**Task prompt**
Please reproduce the entries exactly as they appear below, but not the pictures.

*** Working data Section Begins ***

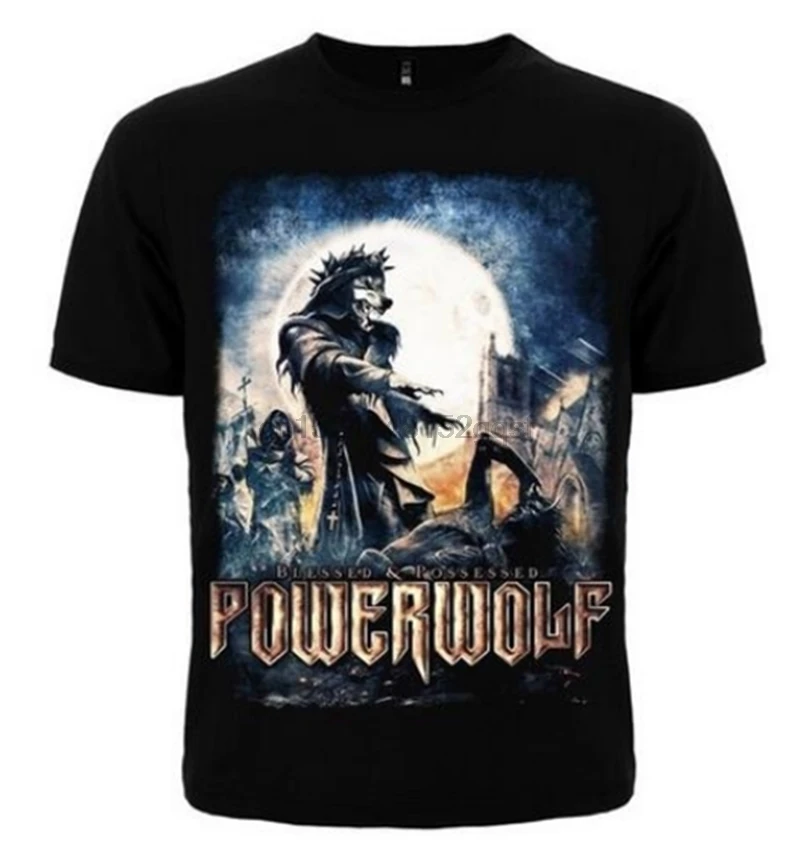 POWERWOLF 3D напечатаны Wo мужские футболки P02 2018 новые модные | Мужская одежда
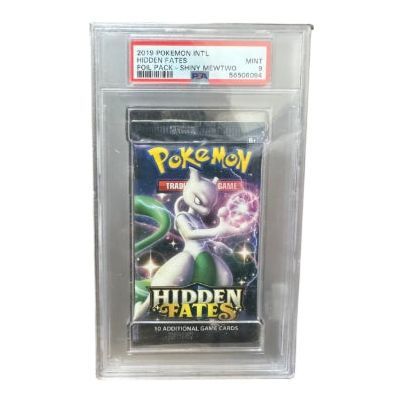 2019 Pokemon Hidden Fates Shiny Mewtwo Foil Pack, PSA Graded Mint 9.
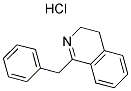 1-Benzyl-3,4-dihydroisoquinoline hydrochloride 结构式
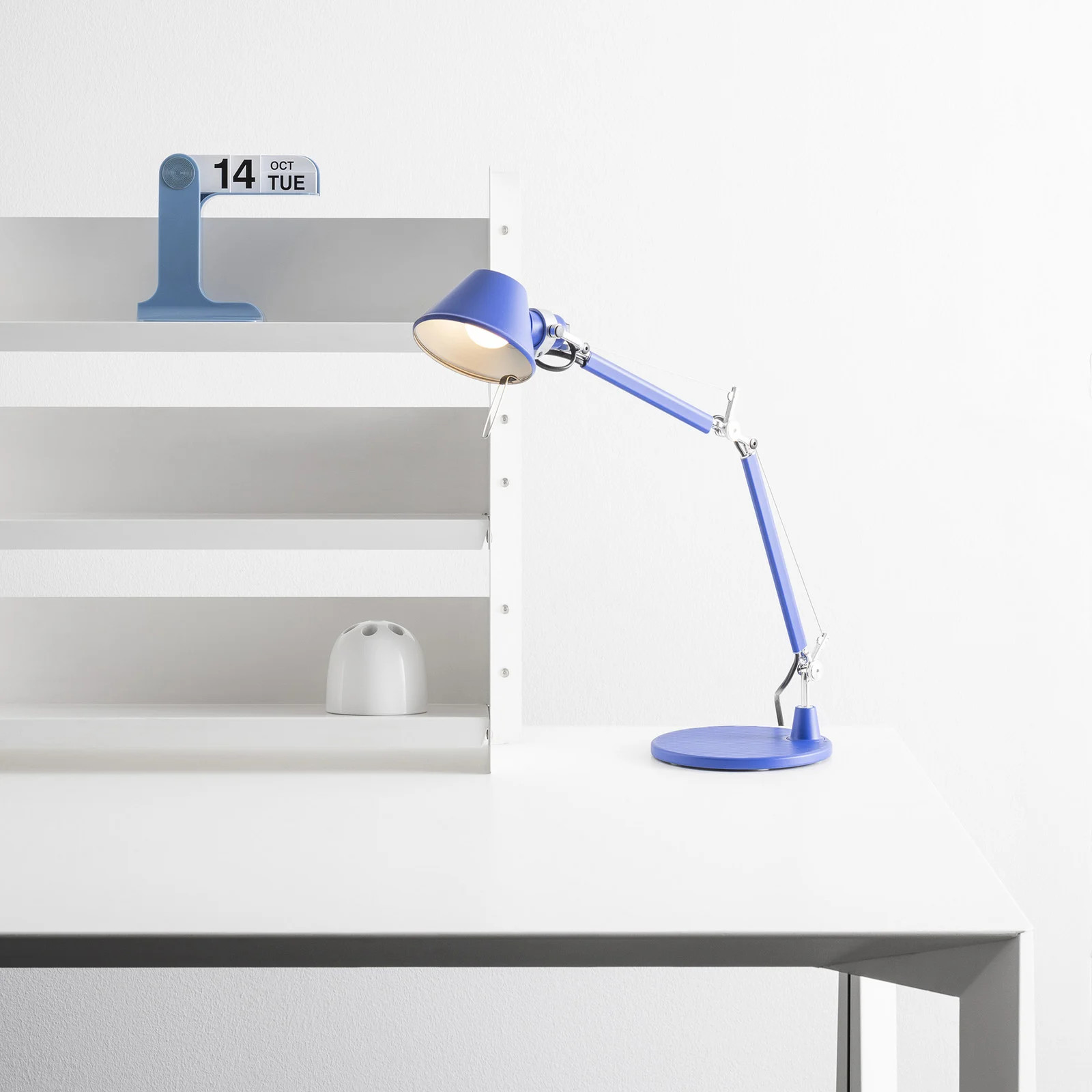 Artemide Tolomeo Micro tafellamp blauw - Aluminium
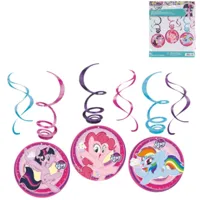 Amscan Spiraal hanger my little pony 80 cm set van 6 | 20 stuks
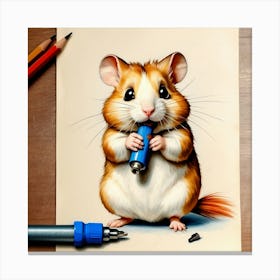 Hamster Drawing 7 Canvas Print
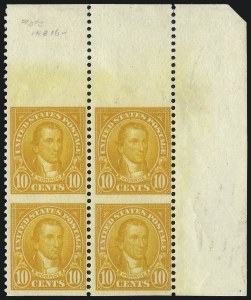 Sale 997, Lot 6088, 1922-29 Issues (Scott 551-573)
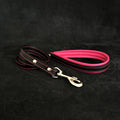 Black leather leash Bestia Dog Gear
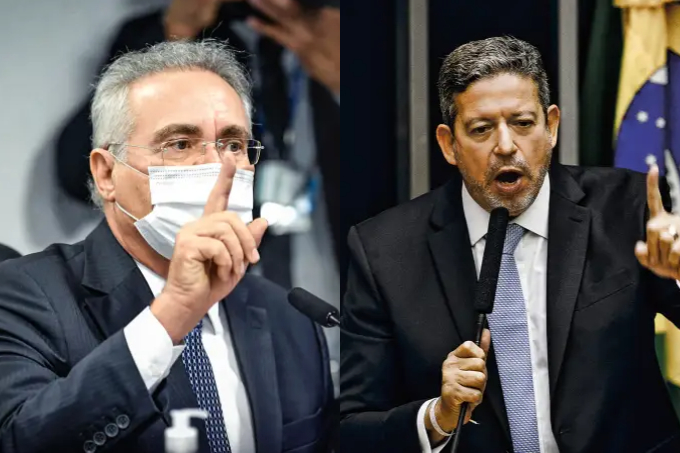 O senador Renan Calheiros (MDB-AL) e o deputado federal Arthur Lira (PP-AL)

*** Working data Section Ends ***

**Your solution**
 POWERWOLF 3D напечатаны Wo мужские футболки P02 2018 новые модные | Мужская одежда
 2019 Pokemon Hidden Fates Shiny Mewtwo Foil Pack, PSA Graded Mint 9.
 1-Benzyl-3,4-dihydroisoquinoline hydrochloride 结构式
 Artemide Tolomeo Micro tafellamp blauw - Aluminium
 Amscan Spiraal hanger my little pony 80 cm set van 6 | 20 stuks
 Hamster Drawing 7 Canvas Print
 Sale 997, Lot 6088, 1922-29 Issues (Scott 551-573)
 Black leather leash Bestia Dog Gear
 O senador Renan Calheiros (MDB-AL) e o deputado federal Arthur Lira (PP-AL)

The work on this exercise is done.